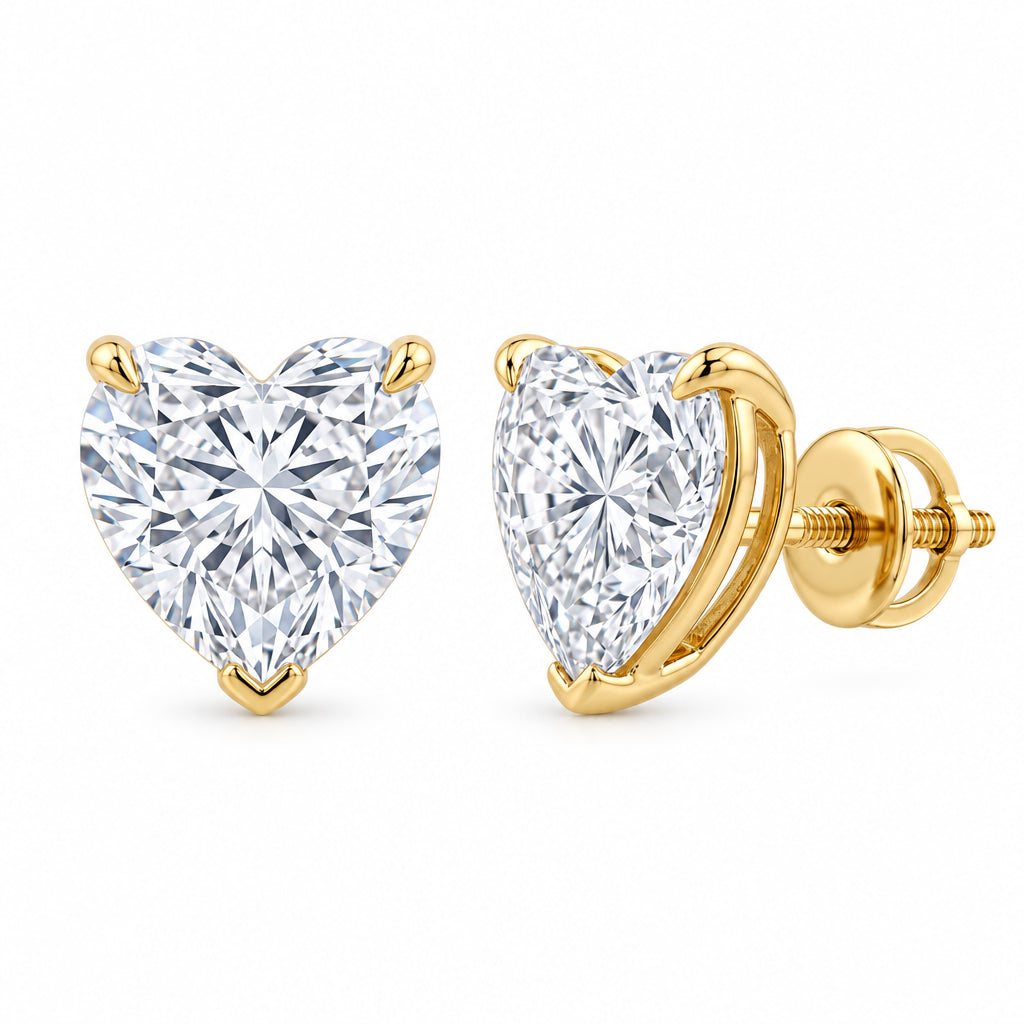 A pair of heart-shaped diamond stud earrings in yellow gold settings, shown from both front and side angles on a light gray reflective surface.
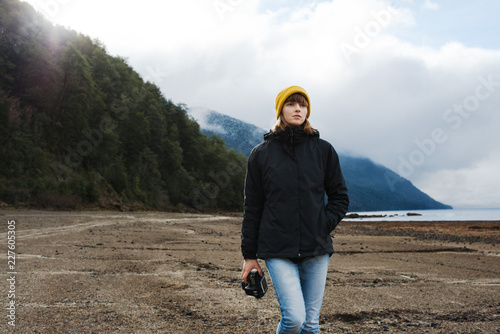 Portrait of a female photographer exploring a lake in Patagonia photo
...
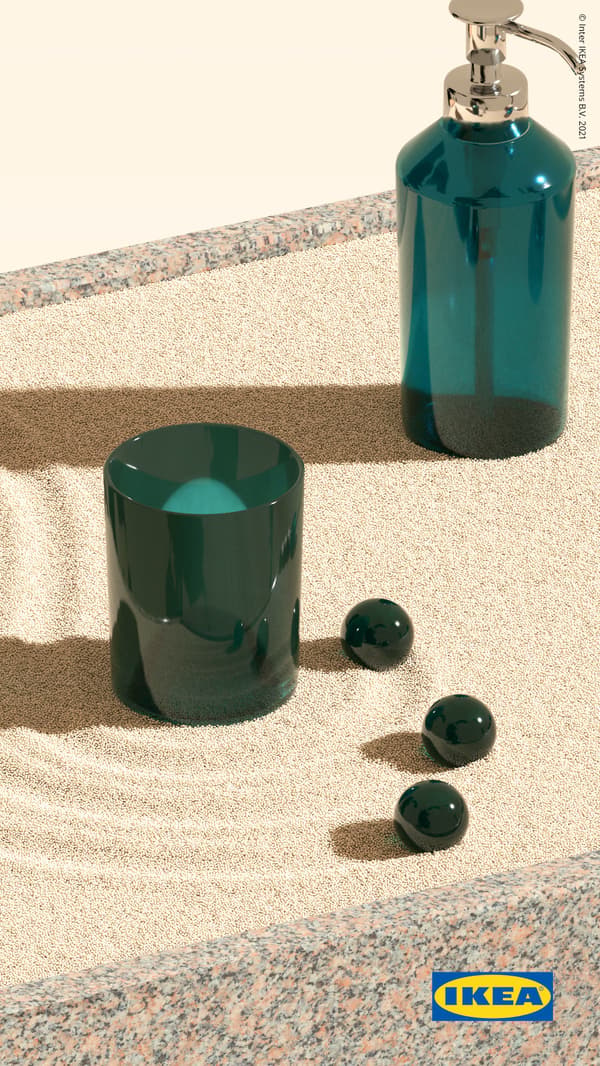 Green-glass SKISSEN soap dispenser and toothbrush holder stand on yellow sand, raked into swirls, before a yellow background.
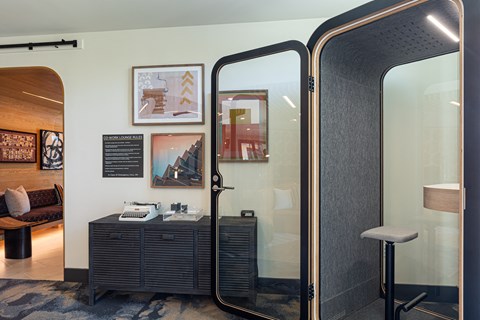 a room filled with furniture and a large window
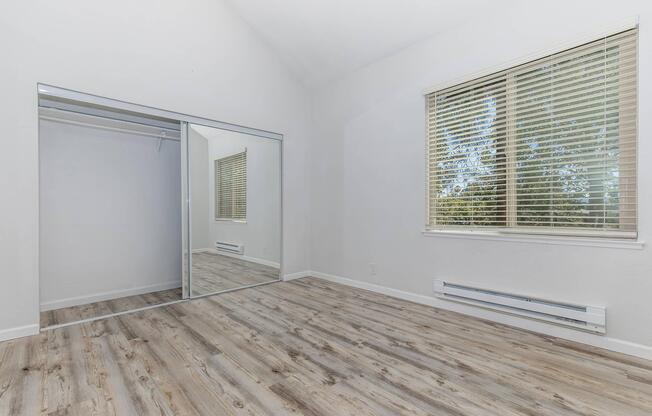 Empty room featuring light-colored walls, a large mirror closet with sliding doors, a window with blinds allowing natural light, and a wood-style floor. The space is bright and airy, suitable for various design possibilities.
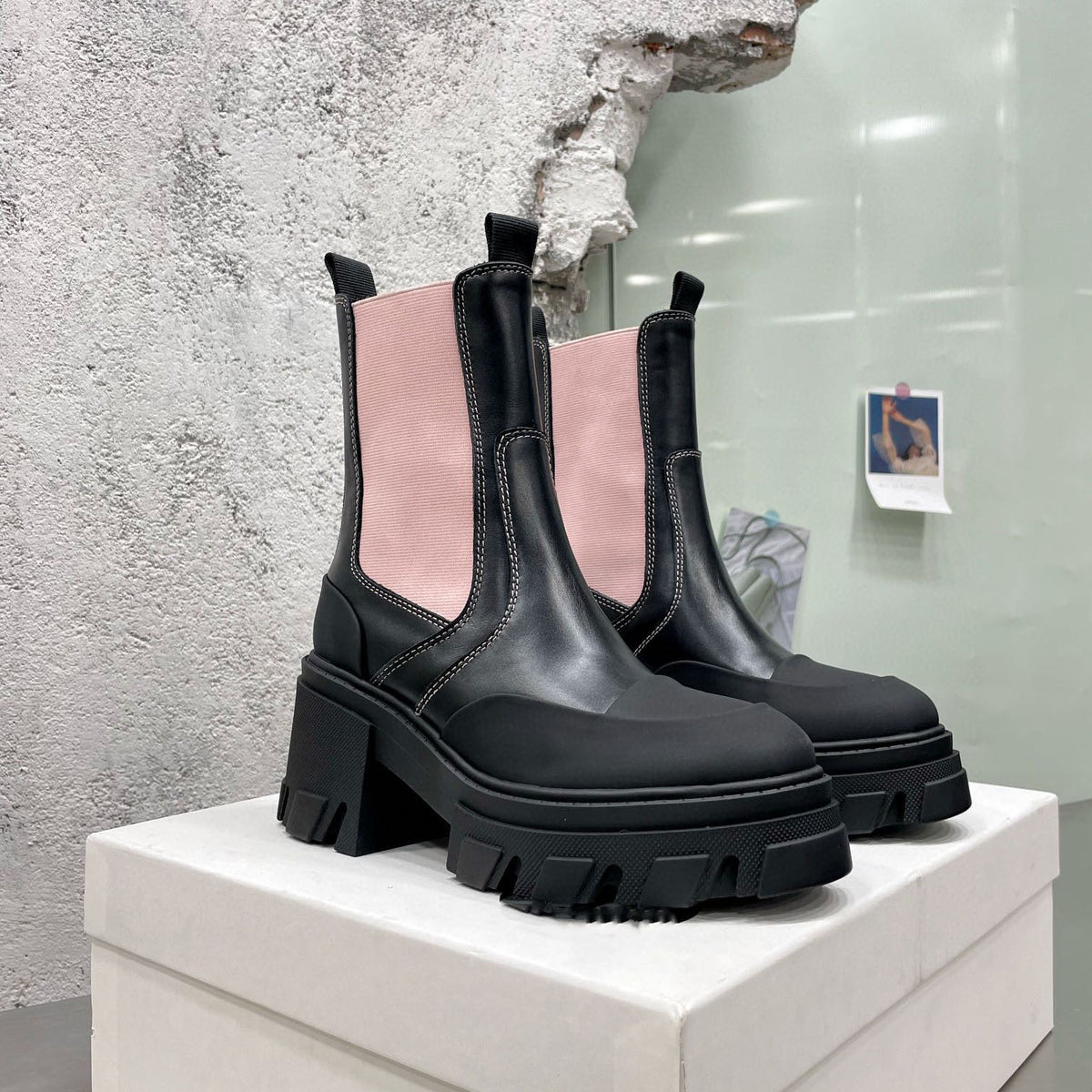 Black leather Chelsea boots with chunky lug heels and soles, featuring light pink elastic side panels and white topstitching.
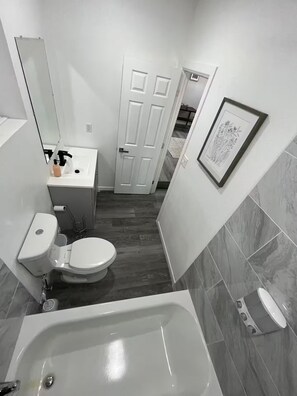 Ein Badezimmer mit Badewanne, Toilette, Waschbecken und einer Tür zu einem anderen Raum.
==
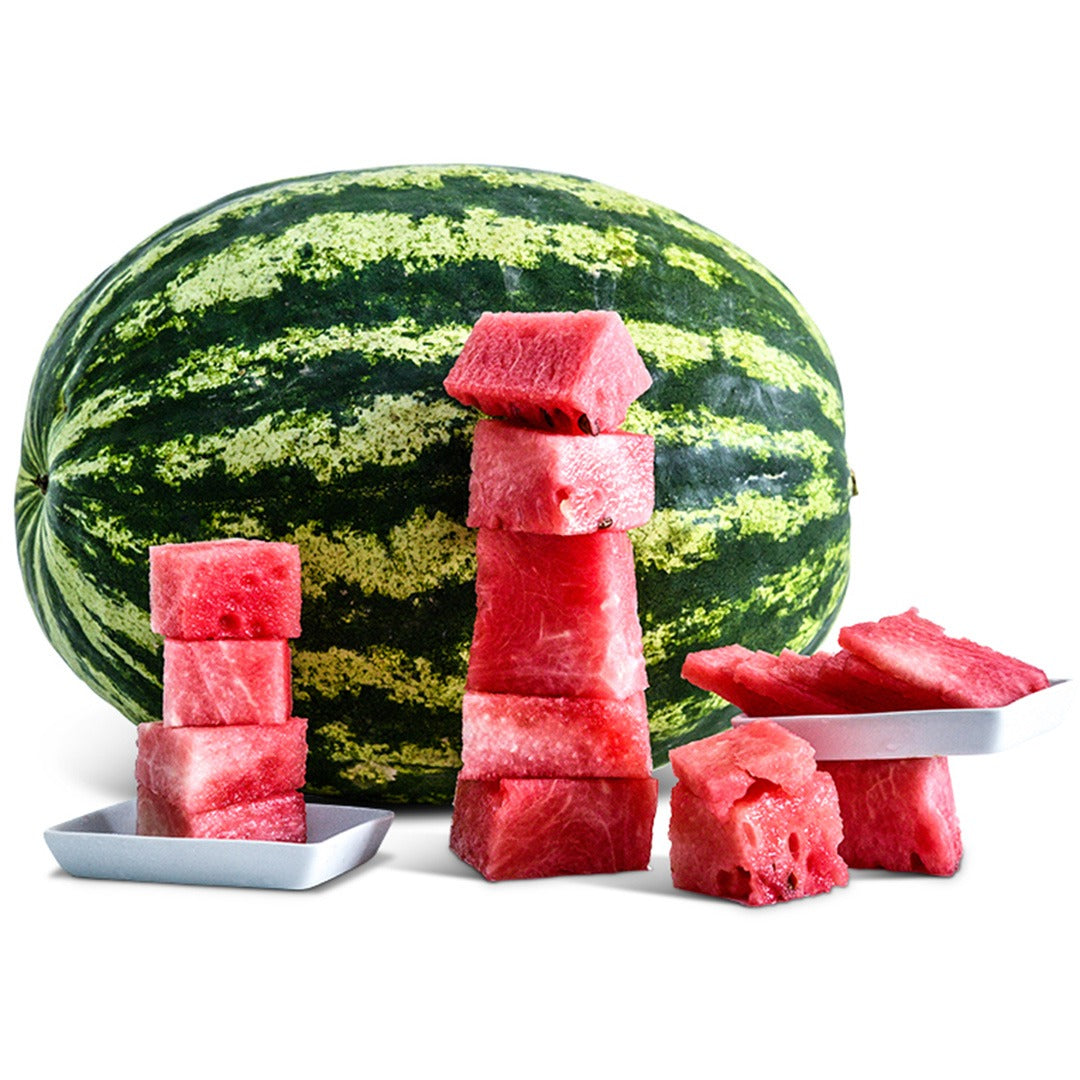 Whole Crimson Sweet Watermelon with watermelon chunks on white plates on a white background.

Exercise —
All that should be printed is the run of lines above from the one with "Black leather Chelsea" through the one with "Ein Badezimmer mit", both included, exactly as given, with pictures left out.

Written answer —
 Black leather Chelsea boots with chunky lug heels and soles, featuring light pink elastic side panels and white topstitching.
 Ein Badezimmer mit Badewanne, Toilette, Waschbecken und einer Tür zu einem anderen Raum.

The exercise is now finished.